A sweet-tooth. Most of us have it; that nagging need for something, well, sweet. But what if you’re following a plant-based lifestyle? Treats like ice cream, cake, or cookies are out… or are they? Plant-based sweets are made without animal products such as dairy, eggs, or honey. They rely on ingredients derived from plants, including plant-based milk alternatives. For those searching for plant-based desserts, there are a multitude of options for your sweet side. You can indulge in plant-based Chocolate Mousse or plant-based Brownies for example.
We’ve even got a very special recipe for a dessert accompaniment that takes the cake when it comes to enhancing your plant-based desserts — Plant-Based Caramel Sauce! But what can you do with a plant-based caramel sauce? Well, maybe the better question is… what can’t you do?
How about:
- Drizzle it over vegan ice cream
- Top your weekend pancakes or waffles
- Layer it in your baked desserts
- Create a delicious dip for fruit
- Mix it into your morning coffee or hot chocolate on a cold day
- Use it as a garnish for cakes or cupcakes
- …the possibilities are as endless and creative as your imagination.
This recipe for Plant-Based Caramel Sauce comes to us from Escoffier Certified Master Pastry Chef, Frank Vollkommer.

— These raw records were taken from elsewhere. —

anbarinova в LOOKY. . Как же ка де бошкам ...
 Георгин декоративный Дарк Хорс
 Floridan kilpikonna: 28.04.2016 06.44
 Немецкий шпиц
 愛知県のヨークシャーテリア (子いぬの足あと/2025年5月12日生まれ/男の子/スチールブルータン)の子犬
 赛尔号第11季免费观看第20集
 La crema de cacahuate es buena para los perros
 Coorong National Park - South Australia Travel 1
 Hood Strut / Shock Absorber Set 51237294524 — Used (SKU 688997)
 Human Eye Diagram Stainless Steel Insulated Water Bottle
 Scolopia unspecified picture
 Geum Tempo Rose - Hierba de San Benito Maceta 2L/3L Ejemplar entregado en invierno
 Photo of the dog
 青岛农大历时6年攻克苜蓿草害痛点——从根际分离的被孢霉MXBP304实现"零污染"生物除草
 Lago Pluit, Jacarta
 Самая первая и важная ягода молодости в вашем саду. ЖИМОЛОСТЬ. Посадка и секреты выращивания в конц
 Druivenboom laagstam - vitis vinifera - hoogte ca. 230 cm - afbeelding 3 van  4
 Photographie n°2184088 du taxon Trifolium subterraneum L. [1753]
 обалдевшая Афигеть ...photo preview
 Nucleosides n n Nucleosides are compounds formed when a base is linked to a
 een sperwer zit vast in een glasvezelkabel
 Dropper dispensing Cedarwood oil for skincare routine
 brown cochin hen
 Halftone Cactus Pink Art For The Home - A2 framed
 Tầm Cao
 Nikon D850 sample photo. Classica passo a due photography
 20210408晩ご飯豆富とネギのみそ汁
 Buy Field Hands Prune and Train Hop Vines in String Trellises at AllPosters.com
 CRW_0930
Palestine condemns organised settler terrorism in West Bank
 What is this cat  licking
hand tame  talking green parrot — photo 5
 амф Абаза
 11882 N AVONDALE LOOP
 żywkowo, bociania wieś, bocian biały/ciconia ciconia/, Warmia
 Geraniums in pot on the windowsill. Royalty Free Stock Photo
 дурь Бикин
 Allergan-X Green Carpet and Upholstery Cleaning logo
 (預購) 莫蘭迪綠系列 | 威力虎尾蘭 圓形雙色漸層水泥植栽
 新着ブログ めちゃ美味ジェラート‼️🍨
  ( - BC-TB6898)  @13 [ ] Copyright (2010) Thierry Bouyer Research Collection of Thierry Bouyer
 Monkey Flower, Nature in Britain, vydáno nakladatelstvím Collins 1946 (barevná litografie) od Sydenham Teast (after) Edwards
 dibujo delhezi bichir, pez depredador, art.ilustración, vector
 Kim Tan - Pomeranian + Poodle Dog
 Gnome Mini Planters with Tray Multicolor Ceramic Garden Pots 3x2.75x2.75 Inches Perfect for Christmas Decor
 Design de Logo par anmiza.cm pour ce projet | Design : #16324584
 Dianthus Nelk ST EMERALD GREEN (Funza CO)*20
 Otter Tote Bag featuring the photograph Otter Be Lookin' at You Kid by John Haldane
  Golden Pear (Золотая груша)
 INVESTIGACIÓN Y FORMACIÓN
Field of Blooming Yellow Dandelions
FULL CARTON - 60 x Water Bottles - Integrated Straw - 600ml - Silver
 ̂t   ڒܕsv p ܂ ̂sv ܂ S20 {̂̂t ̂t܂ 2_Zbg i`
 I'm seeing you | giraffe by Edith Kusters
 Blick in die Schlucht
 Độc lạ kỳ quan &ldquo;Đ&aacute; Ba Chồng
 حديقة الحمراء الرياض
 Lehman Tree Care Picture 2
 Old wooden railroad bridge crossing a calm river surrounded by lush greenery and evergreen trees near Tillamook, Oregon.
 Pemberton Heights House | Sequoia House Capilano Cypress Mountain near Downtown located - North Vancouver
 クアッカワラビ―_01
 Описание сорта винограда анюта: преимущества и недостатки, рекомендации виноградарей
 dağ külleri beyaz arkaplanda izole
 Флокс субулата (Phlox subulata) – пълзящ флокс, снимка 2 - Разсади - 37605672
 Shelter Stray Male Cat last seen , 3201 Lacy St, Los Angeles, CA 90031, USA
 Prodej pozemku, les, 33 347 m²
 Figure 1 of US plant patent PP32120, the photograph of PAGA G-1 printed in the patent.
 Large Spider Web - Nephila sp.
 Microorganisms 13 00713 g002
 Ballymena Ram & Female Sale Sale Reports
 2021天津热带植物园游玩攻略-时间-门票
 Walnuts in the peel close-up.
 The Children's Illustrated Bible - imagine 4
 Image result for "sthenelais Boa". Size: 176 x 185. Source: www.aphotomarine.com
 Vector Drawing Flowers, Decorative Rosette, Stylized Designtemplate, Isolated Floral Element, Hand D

Plant-Based Vanilla, Oat Milk Chocolate Caramel Sauce
Yield: 440g
Ingredients
100g Glucose syrup
100g Patisserie fondant
20g Vegan butter
20g TCHO Oat My Gawd 46% Oat Milk Chocolate
100g Oat milk
100g Raw sugar
1.5g Baking soda
1g Salt
Instructions
- Combine the oat milk, vegan butter, raw sugar, vanilla, baking soda, and salt, and bring to a boil to fully dissolve the sugar. Strain the mixture and reserve hot.
- Bring the fondant and glucose to a medium caramel color in a heavy saucepan.
- Deglaze the caramel with the hot liquid being careful not to add it too quickly.
- Bring the caramel mixture to a boil to a final temperature of 225F/112C.
- Allow to cool to room temperature prior to use.
*Pro Tip- adjustments to thin the consistency may be done with hot oat milk as needed. The correct consistency should stay in place when piped onto the cookies.